A previous study showed that the prevalence of mood disorders (major depression, bipolar disorders, and dysthymia) as measured using the DSM criteria in Japanese people 20 years old and older was 3.1% [4]. On the other hand, 37% of the sample in the present study had mild, moderate, or severe depressive symptoms as measured using the ZSDS. People in whom depression is diagnosed using the DSM criteria are probably only a small number of those who report at least some depressive symptoms. In a previous study that also used the ZSDS, the prevalence of mild depressive symptoms among Japanese male workers was 45% [23], which is similar to that in our study.

In addition to its performance as shown in the present ROC analysis, an advantage of the MHI-5 may be the fact that it is part of the SF-36. The reason is that the possibility of a Hawthorne-type effect (i.e. an effect on study participants that results from their knowing that they are being studied) can be an obstacle to screening for depressive state. Specifically, the subjects' responses on a mental-health screening instrument may be affected by their knowledge that they are subjects in a study of mental health. Embedding the mental-health screening instrument in a more general survey, as the MHI-5 is embedded in the SF-36, could help minimize any such effect.

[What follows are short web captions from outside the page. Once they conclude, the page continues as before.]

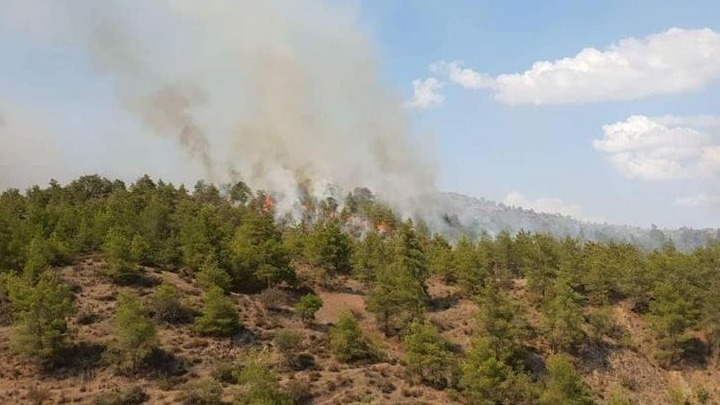 Πυρκαγιά σε αγροτοδασική περιοχή στον δήμο Παιονίας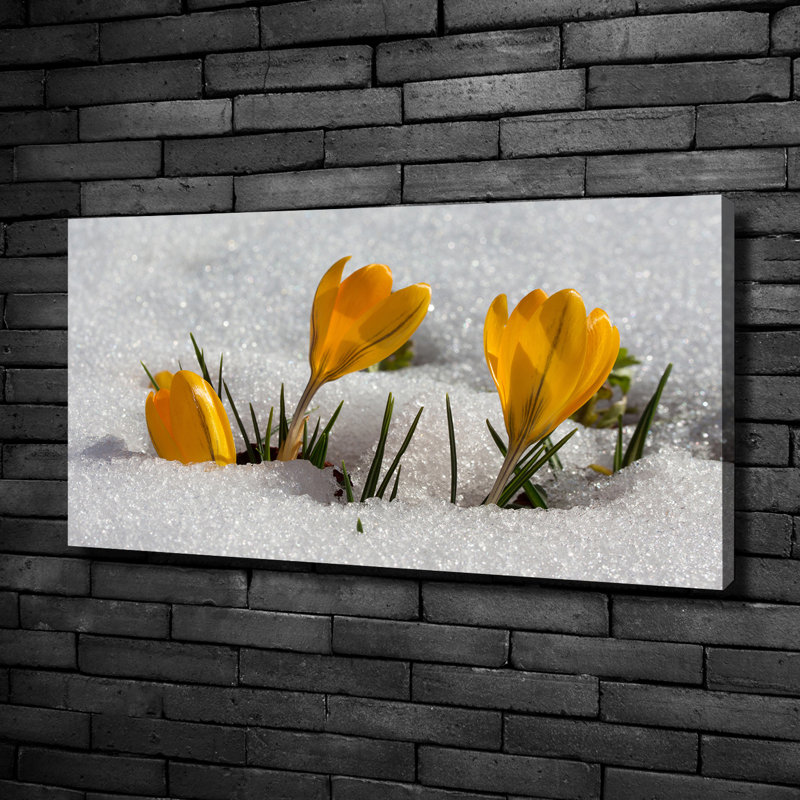Crocuses In The Snow - No Frame Print on Canvas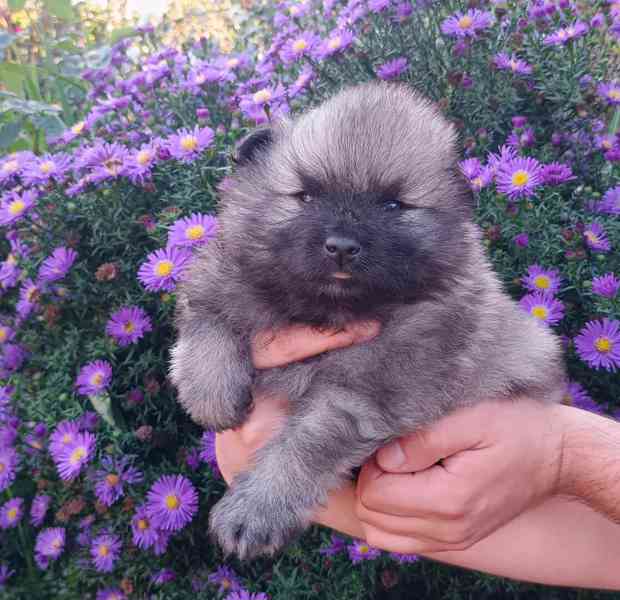 Německý špic vlčí / keeshond prodám krásná štěňata s PP - foto 4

While the results of this study may be useful for public-health purposes, surveys done in primary-care settings could provide information that is more directly applicable to clinical work. Also, it should be kept in mind that ZSDS scores alone cannot be used to diagnose clinical depression. Studies using psychiatrist-diagnosed depression in addition to ZSDS scores would provide further information about the utility of the Japanese version of the MHI-5.

Another limitation is that the data set was obtained from a 1995 survey. Further studies are needed to confirm the performance of the MHI-5 and MHI-3 using data obtained in recent years.

In conclusion, the MHI-5 and MHI-3 scores were correlated with the ZSDS score, and can be used to identify people with depressive symptoms in the general population of Japan.